Page 130 - CW E-Magazine (5-12-2023)
P. 130

Point of View




          The study finds that after factoring in incentives, about 50% of global hydrogen production is priced under $2.5 per tonne, with the US, Canada,
       and the Middle East amongst the lowest cost producers. Most large economies of Europe (France, Italy, and Germany) and some developed
       countries in Asia (Japan and South Korea) fall at the high end of the cost curve, while India is somewhere in-between with unit production costs
       of slightly under $3 per kg. Significantly, the study finds a 15x ratio between the highest and lowest cost regions (after factoring in incentives).
       By 2050, several countries could be producing clean hydrogen at a cost of $1.5 per kg, with the more competitive ones even reaching a figure
       of $1.2. Disadvantaged producers, on the other hand, will be saddled with production costs above $3.5 per kg.


       Long distance transportation
          This cost differential and the fact that the geographic locations of the main demand centres for clean hydrogen do not always coincide with
       the cost-advantaged production centres, makes for an arbitrage opportunity that long-distance trade will fill.
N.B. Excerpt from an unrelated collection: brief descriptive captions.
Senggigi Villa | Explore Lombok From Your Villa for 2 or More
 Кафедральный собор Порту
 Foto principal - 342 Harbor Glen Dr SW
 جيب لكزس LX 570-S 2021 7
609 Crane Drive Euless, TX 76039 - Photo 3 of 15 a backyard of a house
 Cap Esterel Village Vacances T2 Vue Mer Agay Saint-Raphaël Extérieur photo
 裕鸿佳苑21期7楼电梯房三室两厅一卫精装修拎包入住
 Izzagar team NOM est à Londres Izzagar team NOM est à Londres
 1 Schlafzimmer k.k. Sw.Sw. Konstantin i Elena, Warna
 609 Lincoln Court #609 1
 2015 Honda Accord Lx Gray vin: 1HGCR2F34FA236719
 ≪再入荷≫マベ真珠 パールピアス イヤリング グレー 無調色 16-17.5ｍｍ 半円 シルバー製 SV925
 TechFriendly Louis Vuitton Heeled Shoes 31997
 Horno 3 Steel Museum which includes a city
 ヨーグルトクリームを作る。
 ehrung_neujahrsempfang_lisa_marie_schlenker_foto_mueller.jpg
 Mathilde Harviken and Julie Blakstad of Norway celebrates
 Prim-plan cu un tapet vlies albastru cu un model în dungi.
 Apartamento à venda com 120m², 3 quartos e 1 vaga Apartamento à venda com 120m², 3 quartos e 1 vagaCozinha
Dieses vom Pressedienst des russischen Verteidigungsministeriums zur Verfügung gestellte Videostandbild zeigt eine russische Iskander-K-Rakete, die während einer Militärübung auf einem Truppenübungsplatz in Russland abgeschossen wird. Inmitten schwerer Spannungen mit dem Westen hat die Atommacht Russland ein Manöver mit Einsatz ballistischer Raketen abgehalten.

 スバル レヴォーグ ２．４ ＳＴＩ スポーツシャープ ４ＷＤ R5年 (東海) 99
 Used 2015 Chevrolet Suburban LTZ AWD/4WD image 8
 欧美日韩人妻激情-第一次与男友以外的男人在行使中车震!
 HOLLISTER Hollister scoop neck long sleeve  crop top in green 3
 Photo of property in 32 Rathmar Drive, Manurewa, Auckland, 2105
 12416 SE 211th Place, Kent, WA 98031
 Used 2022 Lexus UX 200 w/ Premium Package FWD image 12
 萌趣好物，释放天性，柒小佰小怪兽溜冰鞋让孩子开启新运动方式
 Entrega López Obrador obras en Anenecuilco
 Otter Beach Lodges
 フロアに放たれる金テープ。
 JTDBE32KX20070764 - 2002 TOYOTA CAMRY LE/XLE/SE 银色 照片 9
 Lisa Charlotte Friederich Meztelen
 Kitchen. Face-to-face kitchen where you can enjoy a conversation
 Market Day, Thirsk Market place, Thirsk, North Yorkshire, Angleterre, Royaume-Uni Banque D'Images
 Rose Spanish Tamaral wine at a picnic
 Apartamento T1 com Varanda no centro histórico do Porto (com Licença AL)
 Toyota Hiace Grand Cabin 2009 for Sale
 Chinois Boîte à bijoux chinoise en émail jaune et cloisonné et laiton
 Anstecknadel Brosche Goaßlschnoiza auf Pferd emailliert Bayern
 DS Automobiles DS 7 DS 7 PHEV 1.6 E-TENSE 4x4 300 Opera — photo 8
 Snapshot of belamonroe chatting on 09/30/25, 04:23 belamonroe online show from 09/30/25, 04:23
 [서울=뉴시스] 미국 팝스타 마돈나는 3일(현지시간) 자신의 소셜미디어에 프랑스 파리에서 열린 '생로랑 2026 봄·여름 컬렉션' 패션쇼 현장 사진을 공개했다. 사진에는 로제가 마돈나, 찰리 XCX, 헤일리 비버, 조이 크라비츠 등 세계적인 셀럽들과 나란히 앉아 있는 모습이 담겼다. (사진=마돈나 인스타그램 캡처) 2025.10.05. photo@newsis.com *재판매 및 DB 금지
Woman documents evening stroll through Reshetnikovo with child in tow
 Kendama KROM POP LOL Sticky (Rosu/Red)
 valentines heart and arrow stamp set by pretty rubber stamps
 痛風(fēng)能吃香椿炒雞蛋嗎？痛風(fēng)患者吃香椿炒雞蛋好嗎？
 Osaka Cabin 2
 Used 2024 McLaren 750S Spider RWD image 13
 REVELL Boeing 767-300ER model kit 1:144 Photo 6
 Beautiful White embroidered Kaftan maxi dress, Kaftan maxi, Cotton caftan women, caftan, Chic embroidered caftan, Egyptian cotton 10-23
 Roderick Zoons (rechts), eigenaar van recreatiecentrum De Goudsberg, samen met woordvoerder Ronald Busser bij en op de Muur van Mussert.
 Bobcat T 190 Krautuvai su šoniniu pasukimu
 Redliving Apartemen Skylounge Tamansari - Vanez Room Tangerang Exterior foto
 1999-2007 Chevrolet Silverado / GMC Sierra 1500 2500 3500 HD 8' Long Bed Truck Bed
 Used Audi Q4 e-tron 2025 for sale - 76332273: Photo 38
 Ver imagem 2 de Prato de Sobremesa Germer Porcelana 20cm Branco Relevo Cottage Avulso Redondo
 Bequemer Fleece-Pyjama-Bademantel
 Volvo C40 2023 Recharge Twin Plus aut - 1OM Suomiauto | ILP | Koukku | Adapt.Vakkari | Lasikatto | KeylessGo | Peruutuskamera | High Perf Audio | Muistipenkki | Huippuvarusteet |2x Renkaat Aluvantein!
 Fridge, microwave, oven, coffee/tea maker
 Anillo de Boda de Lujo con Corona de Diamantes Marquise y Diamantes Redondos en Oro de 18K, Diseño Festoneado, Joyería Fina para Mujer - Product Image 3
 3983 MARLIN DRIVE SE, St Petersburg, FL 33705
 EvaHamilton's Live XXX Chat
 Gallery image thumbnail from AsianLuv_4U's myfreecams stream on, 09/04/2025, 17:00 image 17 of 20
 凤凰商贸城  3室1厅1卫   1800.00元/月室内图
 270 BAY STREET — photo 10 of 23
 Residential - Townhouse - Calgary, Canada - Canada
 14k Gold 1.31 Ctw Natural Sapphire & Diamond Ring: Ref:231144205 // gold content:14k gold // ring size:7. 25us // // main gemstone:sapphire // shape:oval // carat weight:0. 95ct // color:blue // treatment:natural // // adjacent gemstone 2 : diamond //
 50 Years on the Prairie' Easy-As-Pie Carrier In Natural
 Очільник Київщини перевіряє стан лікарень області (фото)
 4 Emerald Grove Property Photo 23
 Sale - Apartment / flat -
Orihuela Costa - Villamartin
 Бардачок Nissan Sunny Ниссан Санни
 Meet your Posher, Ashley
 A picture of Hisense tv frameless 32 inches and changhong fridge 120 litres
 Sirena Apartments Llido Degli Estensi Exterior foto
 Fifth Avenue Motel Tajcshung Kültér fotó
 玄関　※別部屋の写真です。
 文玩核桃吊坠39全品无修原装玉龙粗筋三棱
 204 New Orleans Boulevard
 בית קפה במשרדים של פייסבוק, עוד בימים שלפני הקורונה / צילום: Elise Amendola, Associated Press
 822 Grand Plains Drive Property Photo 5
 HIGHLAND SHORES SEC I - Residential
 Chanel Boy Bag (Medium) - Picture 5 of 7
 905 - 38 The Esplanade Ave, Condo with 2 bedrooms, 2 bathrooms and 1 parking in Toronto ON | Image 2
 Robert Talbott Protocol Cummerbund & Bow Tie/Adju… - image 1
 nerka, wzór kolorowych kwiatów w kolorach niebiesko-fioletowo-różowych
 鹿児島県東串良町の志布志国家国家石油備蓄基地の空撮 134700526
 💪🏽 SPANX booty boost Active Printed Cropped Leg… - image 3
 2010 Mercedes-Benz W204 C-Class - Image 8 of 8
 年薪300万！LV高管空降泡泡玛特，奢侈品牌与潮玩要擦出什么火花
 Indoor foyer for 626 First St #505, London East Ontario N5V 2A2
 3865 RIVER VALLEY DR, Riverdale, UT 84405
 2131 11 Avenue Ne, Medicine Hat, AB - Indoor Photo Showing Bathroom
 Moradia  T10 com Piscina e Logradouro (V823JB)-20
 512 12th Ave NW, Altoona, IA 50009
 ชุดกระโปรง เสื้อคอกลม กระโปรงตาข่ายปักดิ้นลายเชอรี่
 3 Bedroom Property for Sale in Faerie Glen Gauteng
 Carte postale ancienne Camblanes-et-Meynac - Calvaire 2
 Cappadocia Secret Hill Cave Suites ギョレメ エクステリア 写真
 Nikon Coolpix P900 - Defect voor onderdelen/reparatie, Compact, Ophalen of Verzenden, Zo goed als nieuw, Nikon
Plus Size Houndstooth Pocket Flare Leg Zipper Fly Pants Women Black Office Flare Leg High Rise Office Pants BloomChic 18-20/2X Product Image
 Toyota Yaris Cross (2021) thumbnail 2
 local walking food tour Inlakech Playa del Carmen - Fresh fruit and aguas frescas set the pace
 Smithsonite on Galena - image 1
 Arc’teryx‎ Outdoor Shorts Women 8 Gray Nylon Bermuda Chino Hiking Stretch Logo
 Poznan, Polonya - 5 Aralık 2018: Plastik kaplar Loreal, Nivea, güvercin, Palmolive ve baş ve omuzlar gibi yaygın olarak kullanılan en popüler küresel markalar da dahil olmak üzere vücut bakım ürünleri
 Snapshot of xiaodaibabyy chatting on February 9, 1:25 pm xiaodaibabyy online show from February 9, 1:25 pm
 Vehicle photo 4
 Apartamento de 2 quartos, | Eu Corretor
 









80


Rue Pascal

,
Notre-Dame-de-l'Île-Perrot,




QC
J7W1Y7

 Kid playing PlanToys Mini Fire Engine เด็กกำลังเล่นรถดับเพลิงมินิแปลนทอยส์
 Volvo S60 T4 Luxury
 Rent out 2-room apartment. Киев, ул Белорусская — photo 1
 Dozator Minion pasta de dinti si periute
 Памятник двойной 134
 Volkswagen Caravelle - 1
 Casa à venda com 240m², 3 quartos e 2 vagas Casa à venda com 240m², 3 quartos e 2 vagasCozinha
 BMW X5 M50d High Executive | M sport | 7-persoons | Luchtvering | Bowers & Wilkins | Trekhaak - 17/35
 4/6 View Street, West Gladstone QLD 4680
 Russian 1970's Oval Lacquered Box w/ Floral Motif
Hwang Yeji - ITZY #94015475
This trade could take the form of
       intermediaries like ammonia, methanol, or SK, in which case they will involve converting surplus clean hydrogen to the intermediary at the point
       of hydrogen production; shipment to its destination using; and reconversion to hydrogen at or near point of use. Despite the fact that transportation
       costs will likely stay low, this is a high cost option, best explored when all others have failed.


          The competitiveness of the production of the hydrogen intermediaries will also be determined by the ability to access large quantities of
       clean CO  – either from biogenic sources or by Direct Air Capture (DAC).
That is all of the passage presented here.